**Description of the task**
Find the line with "Naomi vest in burgandy" in the entries below. Repeat it, every following line, and the line with "横になる赤ちゃん 9026288", exactly and with nothing added.
::: Records to process :::
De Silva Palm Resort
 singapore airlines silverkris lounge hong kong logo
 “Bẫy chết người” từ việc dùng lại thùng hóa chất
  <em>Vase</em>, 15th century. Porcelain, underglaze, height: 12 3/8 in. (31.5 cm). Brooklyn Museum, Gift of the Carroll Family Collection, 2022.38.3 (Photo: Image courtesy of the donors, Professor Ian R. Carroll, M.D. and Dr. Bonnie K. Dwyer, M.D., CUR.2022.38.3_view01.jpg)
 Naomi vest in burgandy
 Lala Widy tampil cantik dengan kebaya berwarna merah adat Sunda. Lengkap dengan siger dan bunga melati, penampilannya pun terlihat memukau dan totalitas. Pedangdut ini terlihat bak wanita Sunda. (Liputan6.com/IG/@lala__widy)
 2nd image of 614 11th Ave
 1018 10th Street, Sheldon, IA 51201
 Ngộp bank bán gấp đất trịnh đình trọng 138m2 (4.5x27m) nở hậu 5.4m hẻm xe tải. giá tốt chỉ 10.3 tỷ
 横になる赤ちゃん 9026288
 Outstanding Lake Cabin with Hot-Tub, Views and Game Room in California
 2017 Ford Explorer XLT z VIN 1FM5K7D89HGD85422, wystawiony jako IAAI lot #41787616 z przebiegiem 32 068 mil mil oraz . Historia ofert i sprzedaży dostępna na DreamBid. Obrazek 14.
:::
**Solution for this exercise**
 Naomi vest in burgandy
 Lala Widy tampil cantik dengan kebaya berwarna merah adat Sunda. Lengkap dengan siger dan bunga melati, penampilannya pun terlihat memukau dan totalitas. Pedangdut ini terlihat bak wanita Sunda. (Liputan6.com/IG/@lala__widy)
 2nd image of 614 11th Ave
 1018 10th Street, Sheldon, IA 51201
 Ngộp bank bán gấp đất trịnh đình trọng 138m2 (4.5x27m) nở hậu 5.4m hẻm xe tải. giá tốt chỉ 10.3 tỷ
 横になる赤ちゃん 9026288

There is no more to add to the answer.